Like many other people in their late teens and early 20s, I have a regular guilty pleasure: “The Bachelor,” and its gender-reversed counterpart “The Bachelorette.” I started watching late in high school after I figured out how to stream episodes online, much to the frustration of my parents who are avid haters of the franchise. As most people did, I quickly became absorbed in the lore.

“The Bachelor” world is wholly disconnected from that of regular folk like you and me. These people date each other, make their own friend groups and even quarantine with one another (see Hannah Brown and Tyler Cameron’s 2020 Tik Toks). They are attractive in a girl or boy next door kind of way and each make a living selling products on Instagram to “Bachelor Nation,” a nickname referring to the show’s fanbase. 

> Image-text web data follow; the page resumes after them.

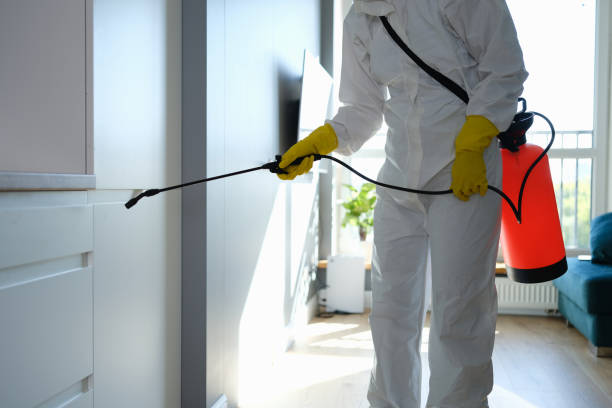 Best Mold Removal Near Me  in Pompton Lakes, NJ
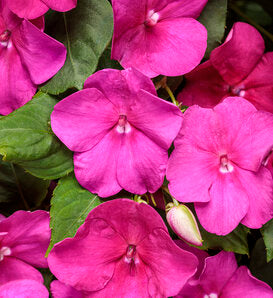 Fleißiges Lieschen Blumensamen Pink – Erbstück, gentechnikfrei, keimfreudige Samen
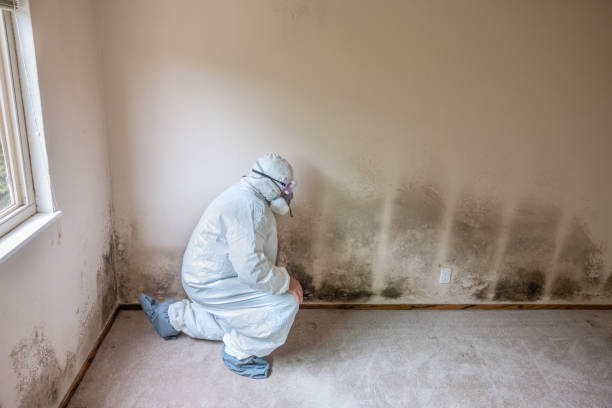 Best Mold Remediation for Specific Building Types in Webster, FL
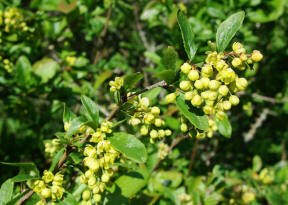 Berberis vulgaris / Gewöhnliche Berberitze / Sauerdorn / Berberidaceae / Sauerdorngewächse (Karlstadt)
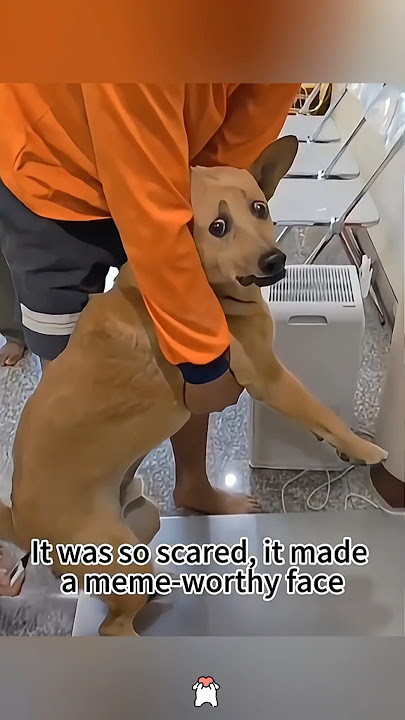 Dogs are really, really scared of vets! #funny #funnydog #prank #surgeon #dog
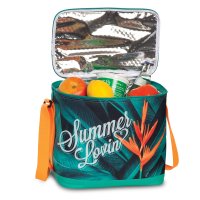 Kühltasche Picknicktasche Thermotasche isoliert wasserdicht Einkaufstasche 3 Motive
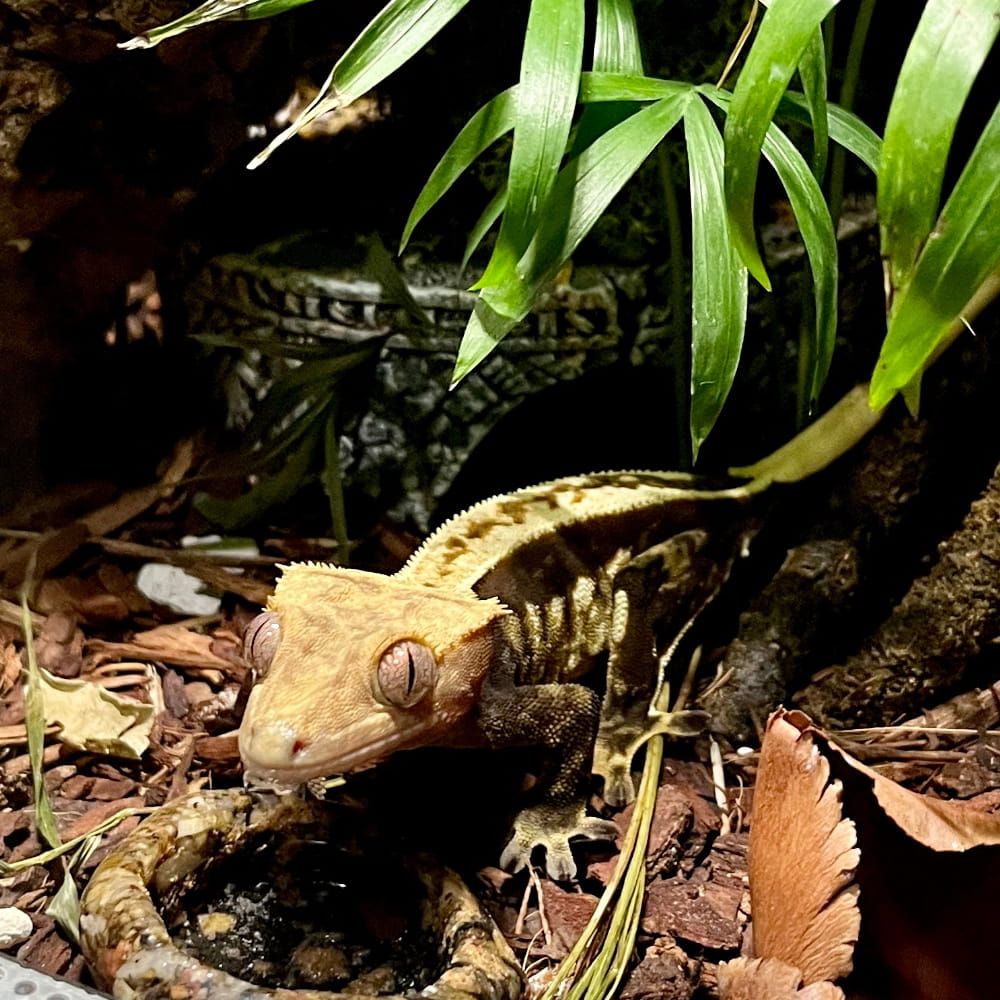 Gecko nutrition owoce leśne 100g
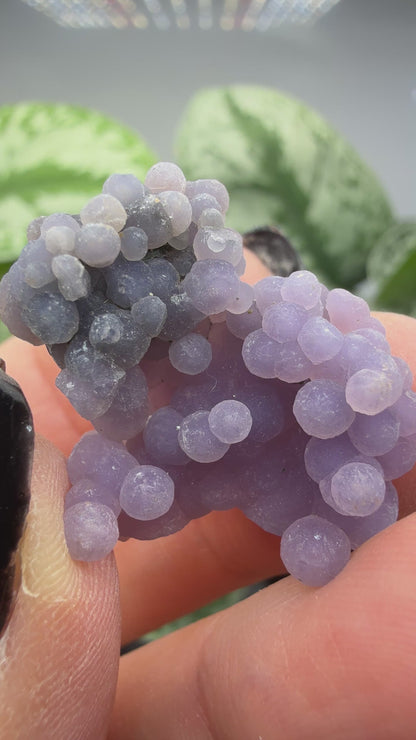 Grape Agate (Quartz var. Amethyst)- Mamuju Regency, West Sulawesi Province, Indonesia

The rise of social media since the show’s inception in 2002 has drastically changed the lives of the cast postseason. Most of them quit their jobs and move to Los Angeles to become part-time influencers. Recent events have also highlighted the racism and prejudice ingrained in the series, with Matt James becoming the first Black bachelor in 2021. His season premiered after host Chris Harrison was let go for remarks made on a Bachelor Nation podcast downplaying a contestant’s past actions involving an Antebellum-themed sorority party. The season that followed was tainted by this news and the awkward appearance of Harrison as host throughout the pre-filmed series. To be fair, James was a horrific lead in his own right, following three previous bachelors who were also callous, unfeeling, immature and terrible leads. 

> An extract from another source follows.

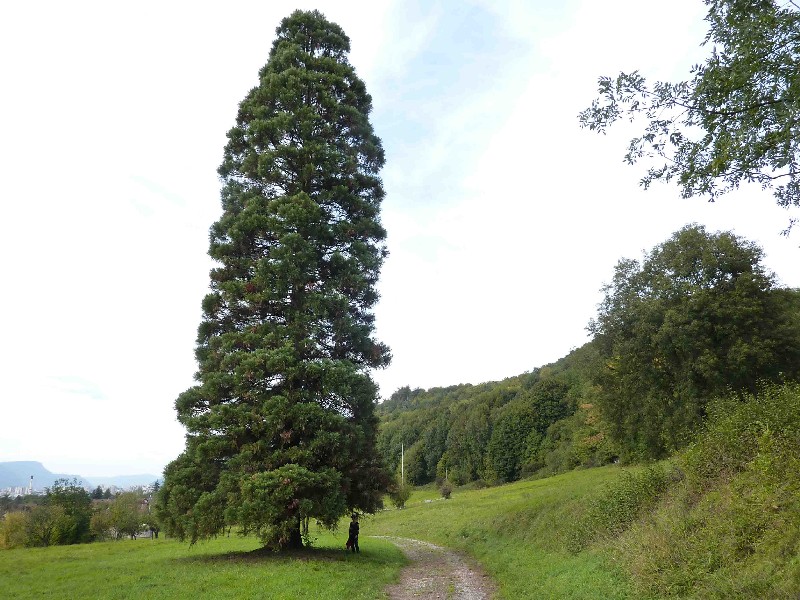 Seqouia géant à Bresson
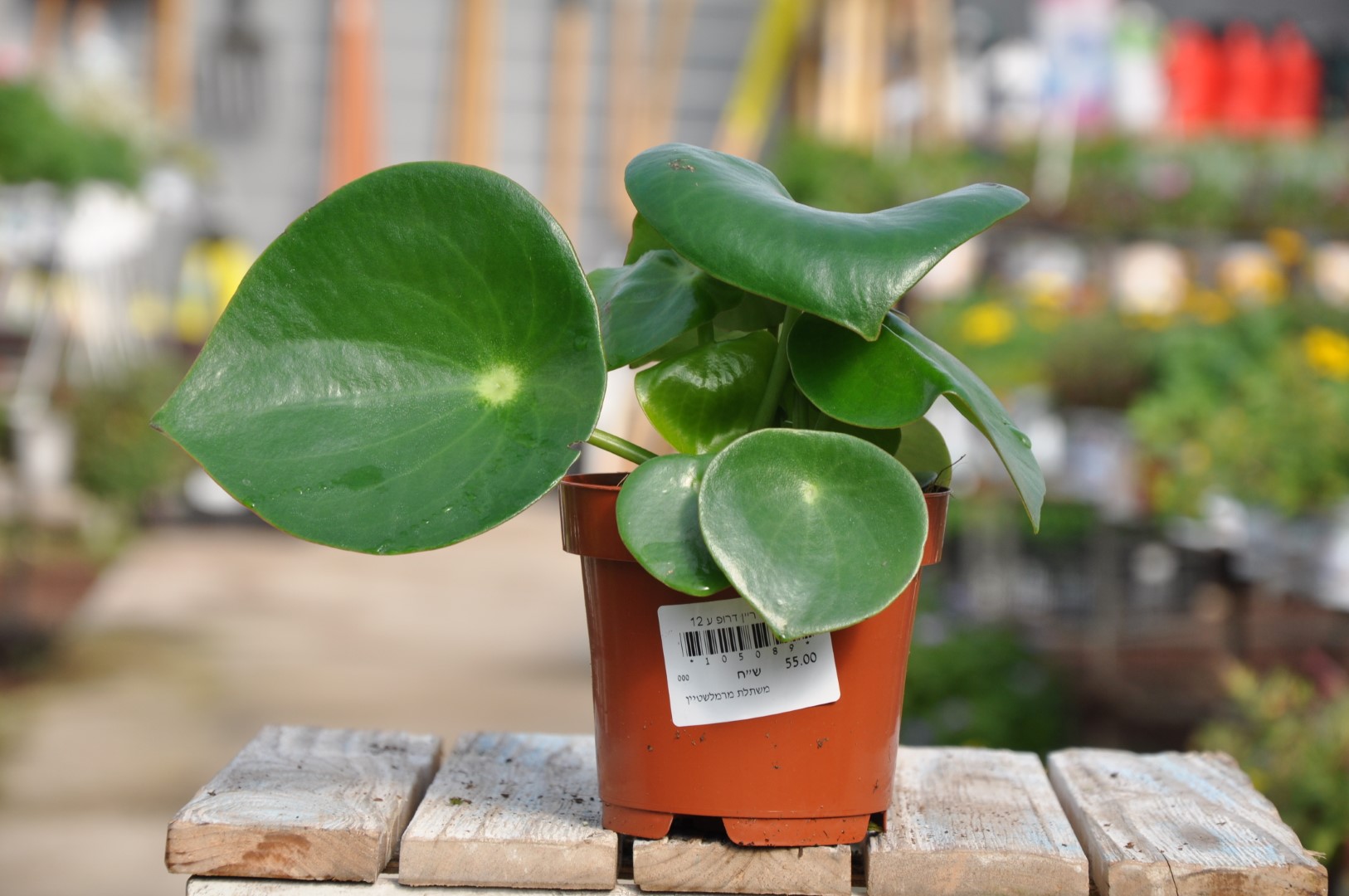 DSC_4060 צמחים לבית, משתלת מרמלשטיין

In contrast, “The Bachelor” spin-off show, “The Bachelorette,” is only getting better as “The Bachelor” seems to be getting worse. This is partly due to the sympathy the primarily young female audience feels towards the women who are mistreated and vilified in seasons of “The Bachelor.” This leads to an outpouring of support for the female leads and the program’s higher success rate compared to its counterpart.

But, I think there is a bigger cultural shift occurring. Many remember the “Me Too” movement, which gained significant ground in 2017 and changed how Hollywood and many other industries approach women and sexual violence in the workplace. Amidst this cultural awakening, “The Bachelor” stayed stagnant. There was no lasting impact on how the show’s production approached editing and treating these female contestants; in fact, the streak of bad bachelors began in 2018. The show’s handling of harassment allegations towards former or current contestants has been either nonexistent or extremely disappointing.

After issues of racism, sexism and sexual harassment, ‘The Bachelor” was given an opportunity to change its ways. The latest “The Bachelorette” season with Michelle Young was great. Young was poised, mature and likable. Former bachelorettes Tayshia Adamas and Kaitlyn Bristowe were terrific hosts. The season itself was good, with a fantastic cast of men to pick from for the role of bachelor. In fact, the show’s production had upwards of three casts-worth of great and fan-favorite men to choose from for their next lead. After their continued push for diversity in the casts, they had numerous men of color who would be amazing next leads. People were excited about the bachelor announcement. 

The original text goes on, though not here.